Although none of the reference images in this series are painted from my personal living spaces, this work is autobiographical in that it exposes my own daily struggles with traditional roles of mother and wife. Like many people, after being stuck inside my house, raising children, working, creating, and isolating during the pandemic, western societies unrealistic expectations of a perfectly ordered existence have been amplified. Cracks in our social framework have been exposed, our over consumption of objects and time were laid bare. As days blended into each other in an endless motion of banal activities, I have never been more aware of how light and dark become demarcations of time. I often found myself looking into my own chaotic rooms like a crime scene; I can see it, as it is, strange and unraveled. I see many contradictions; the domestic space is at the same time a site of female repression, colonial oppression, and comforting familiarity. I see life unfolding in its joy and its uncontrollable nature, and I see a trickling of loss. I see intimate secrets and alienation. Though I can feel dislocated in my own domestic space at times, I am not in despair; rather I revel in the uncanny feeling I experience. I have always been drawn to a good mystery.

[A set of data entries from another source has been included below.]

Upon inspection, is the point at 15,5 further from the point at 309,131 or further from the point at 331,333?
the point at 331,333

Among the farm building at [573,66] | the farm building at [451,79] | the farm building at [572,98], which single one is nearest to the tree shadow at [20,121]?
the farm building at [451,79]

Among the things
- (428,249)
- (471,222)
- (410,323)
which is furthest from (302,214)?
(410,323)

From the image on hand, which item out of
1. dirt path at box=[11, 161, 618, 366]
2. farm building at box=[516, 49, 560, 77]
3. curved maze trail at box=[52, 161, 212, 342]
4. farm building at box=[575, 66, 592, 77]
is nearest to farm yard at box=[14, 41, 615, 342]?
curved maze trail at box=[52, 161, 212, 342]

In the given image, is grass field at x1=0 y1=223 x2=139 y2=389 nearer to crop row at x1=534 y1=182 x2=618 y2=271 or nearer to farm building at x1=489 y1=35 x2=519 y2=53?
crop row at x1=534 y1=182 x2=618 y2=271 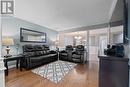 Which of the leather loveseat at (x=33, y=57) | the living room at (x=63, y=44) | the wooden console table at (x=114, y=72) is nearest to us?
the wooden console table at (x=114, y=72)

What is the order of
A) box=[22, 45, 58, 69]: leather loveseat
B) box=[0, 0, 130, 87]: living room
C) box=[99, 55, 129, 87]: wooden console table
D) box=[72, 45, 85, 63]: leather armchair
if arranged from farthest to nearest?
box=[72, 45, 85, 63]: leather armchair, box=[22, 45, 58, 69]: leather loveseat, box=[0, 0, 130, 87]: living room, box=[99, 55, 129, 87]: wooden console table

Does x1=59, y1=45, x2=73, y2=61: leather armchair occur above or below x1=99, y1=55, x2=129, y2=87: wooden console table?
below

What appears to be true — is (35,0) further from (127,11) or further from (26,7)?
(127,11)

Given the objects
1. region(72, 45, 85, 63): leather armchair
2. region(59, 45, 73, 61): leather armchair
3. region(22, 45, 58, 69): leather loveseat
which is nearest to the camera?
region(22, 45, 58, 69): leather loveseat

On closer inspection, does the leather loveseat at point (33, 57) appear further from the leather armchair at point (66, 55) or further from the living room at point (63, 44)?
the leather armchair at point (66, 55)

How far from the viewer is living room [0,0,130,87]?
156cm

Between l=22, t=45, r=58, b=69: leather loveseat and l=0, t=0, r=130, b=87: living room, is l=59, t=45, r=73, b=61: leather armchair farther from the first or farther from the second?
l=22, t=45, r=58, b=69: leather loveseat

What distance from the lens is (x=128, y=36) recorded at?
1.43 m

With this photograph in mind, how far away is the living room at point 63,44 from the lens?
1558 mm

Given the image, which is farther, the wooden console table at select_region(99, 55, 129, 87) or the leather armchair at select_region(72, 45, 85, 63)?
the leather armchair at select_region(72, 45, 85, 63)

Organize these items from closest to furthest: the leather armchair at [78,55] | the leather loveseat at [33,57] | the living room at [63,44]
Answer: the living room at [63,44]
the leather loveseat at [33,57]
the leather armchair at [78,55]

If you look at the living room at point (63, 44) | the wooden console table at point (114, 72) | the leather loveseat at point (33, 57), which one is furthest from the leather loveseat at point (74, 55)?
the wooden console table at point (114, 72)

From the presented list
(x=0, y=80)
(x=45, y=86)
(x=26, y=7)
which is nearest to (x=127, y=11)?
(x=0, y=80)

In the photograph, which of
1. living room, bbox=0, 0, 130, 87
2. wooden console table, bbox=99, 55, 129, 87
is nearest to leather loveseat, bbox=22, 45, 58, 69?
living room, bbox=0, 0, 130, 87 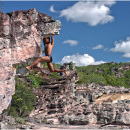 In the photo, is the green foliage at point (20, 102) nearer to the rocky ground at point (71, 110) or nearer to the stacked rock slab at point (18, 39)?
the rocky ground at point (71, 110)

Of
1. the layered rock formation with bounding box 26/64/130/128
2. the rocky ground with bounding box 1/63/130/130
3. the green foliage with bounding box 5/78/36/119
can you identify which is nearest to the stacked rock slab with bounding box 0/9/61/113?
the rocky ground with bounding box 1/63/130/130

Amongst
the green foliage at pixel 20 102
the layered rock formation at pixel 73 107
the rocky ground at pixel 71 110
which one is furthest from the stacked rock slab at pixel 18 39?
the green foliage at pixel 20 102

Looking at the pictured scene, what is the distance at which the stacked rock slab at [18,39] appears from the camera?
6195 millimetres

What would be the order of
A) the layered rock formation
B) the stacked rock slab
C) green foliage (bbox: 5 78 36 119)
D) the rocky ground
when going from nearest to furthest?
the stacked rock slab < the rocky ground < the layered rock formation < green foliage (bbox: 5 78 36 119)

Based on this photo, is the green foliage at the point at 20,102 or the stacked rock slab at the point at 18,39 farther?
the green foliage at the point at 20,102

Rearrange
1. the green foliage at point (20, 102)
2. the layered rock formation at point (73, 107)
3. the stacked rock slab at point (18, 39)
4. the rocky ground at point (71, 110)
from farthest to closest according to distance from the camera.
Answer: the green foliage at point (20, 102) < the layered rock formation at point (73, 107) < the rocky ground at point (71, 110) < the stacked rock slab at point (18, 39)

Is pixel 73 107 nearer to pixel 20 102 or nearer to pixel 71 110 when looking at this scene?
pixel 71 110

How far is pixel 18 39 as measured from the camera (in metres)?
6.75

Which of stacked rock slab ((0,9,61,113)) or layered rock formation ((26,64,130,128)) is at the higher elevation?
stacked rock slab ((0,9,61,113))

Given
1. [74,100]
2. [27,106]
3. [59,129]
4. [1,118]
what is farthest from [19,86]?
[74,100]

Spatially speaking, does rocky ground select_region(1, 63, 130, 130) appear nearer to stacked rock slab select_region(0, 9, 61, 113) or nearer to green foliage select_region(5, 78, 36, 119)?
green foliage select_region(5, 78, 36, 119)

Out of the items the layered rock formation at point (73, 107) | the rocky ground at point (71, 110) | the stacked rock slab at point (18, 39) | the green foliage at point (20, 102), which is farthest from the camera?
the green foliage at point (20, 102)

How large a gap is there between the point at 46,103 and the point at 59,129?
342 inches

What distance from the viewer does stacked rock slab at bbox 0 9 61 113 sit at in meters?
6.20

This new body of work is painted from found photographs. Where and why I collect my source images is just as important as the rooms they represent. First and foremost, I create paintings of photographs; I purposely leave references of a mechanical lens. I am deeply interested in our society's obsession with documenting every minutia of life and I would consider myself an image hoarder. They are collected from multiple sources in which the photographic agenda is to record or document the space and objects just as they are; Internet sites like MLS listings, various archives, kijiji ads, and even crime scene documentation are a wellspring of inspiration. The photos are a mixture of current and historical (within my life span) and some are even infamous, absorbed into our collective memories. They are not idealized, they are not marketed images such as “Home and Garden” magazines, they are real spaces and they were lived in. None of my sources were photographed with the agenda of creative purpose. In many instances, it was the imperfect compositions, the strange point of view or angles that I was drawn to. Inspired by filmic suspense masters such as Alfred Hitchcock, Atom Egoyan, and David Lynch; I cropped, I added and I subtracted information, and I edited colour to turn the utilitarian photographic images to emotive paintings. My references to film and literature are layered into the works and titles and become another way for the viewer to find different ways to identify with the scene.

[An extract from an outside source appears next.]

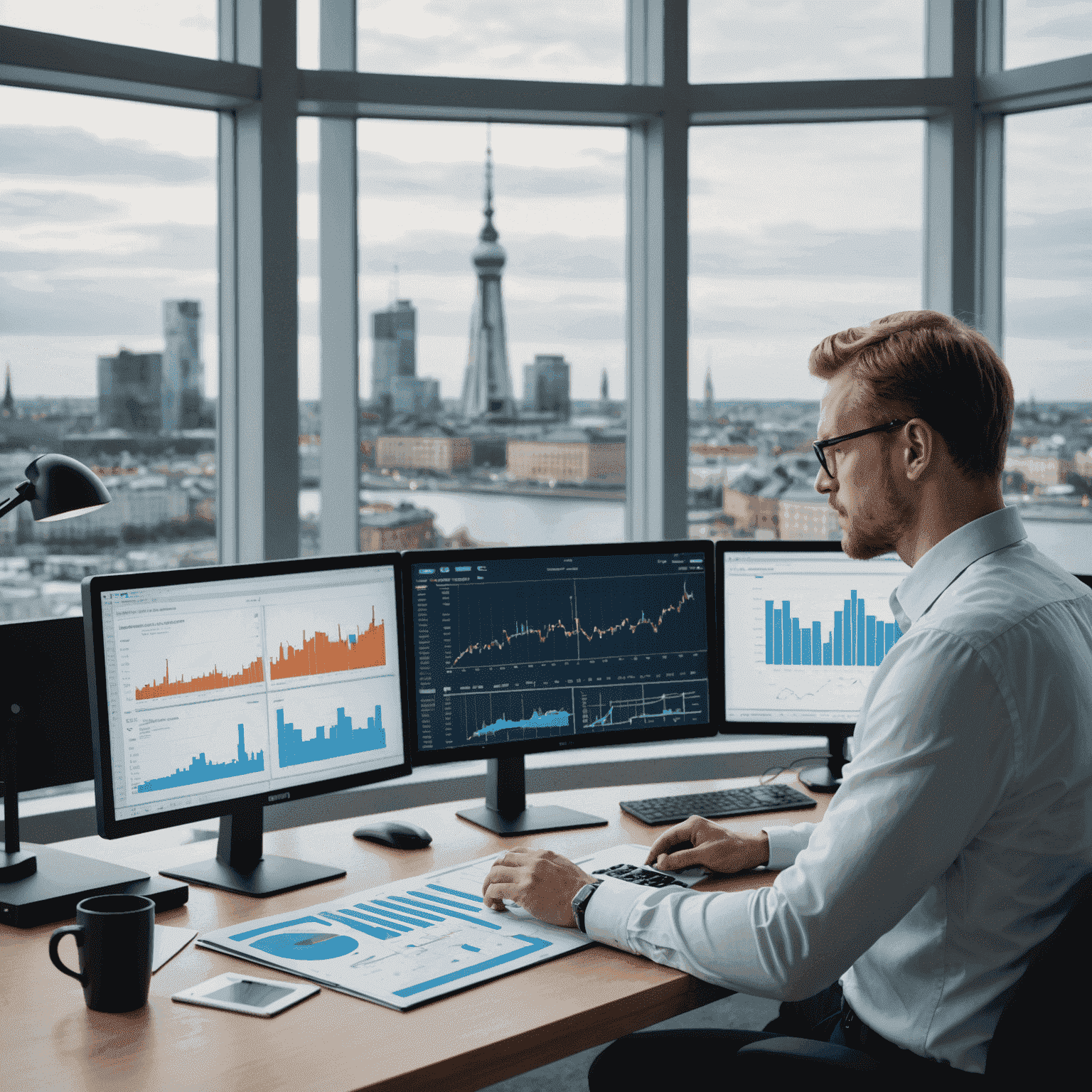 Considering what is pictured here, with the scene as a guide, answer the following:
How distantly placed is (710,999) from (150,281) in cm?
232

My painted descriptions aim to expose the way people (specifically within a realm of western middle class) live imperfectly behind closed doors, without the expectations of an audience. I aim to ask the question, when we are gone (whether it be at the end of a persons life or the collapse of human society on this planet) what do the remains of our lives say about our state of being. As we gaze into the disembodied spaces, in absence of its players, the viewer will try to make sense of the scene and without any specific character reference they will only have their own experiences to guide them. The objects and furniture act as an inventory of desires and fears and when we look into these as a social mirror, we can see the personal implications as the voyeur, which can be both comforting and uncomfortable. We all feel the need to fill in the empty spaces, to put things back into order, to hide the unspoken things. We all subconsciously and consciously analyze and pass judgments based on personal coded value systems. By focusing on creating mood with the dramatic use of light and shadow, the private living rooms become a stage or theatre in which a range of social interactions play out. As all space is defined and formed by activity, void of the creators, rooms will always remain haunted revealing the true motivation of the activity and social structure that supports it. My aim is to have the spaces reflect the middle class ideals and gender roles of the people who should be present, not unlike the 17th century Genre painting and 19th Century Realism movement I openly reference. I am interested in suggesting the value systems, socio-economic power dynamics, and inequities found in gender, family, privacy, and intimacy, while encouraging the viewer to think about the domestic spaces of past and present relevant to his or her daily life.
In Henri Lefebvre’s 1977 “The Critique of Everyday Life” he writes to see properly the errors of our ways “we need to place them at a reasonable, well judged distance, like the objects we see before us. Then their many-sided strangeness becomes apparent: in relation to ourselves, but also within themselves and in relation to themselves. In this strangeness lies their truth, the truth of their alienation. It is then that consciousness of alienation – that strange awareness of the strange – liberates us, or begins to liberate us, from alienation.” (Henri Lefebvre p. 20).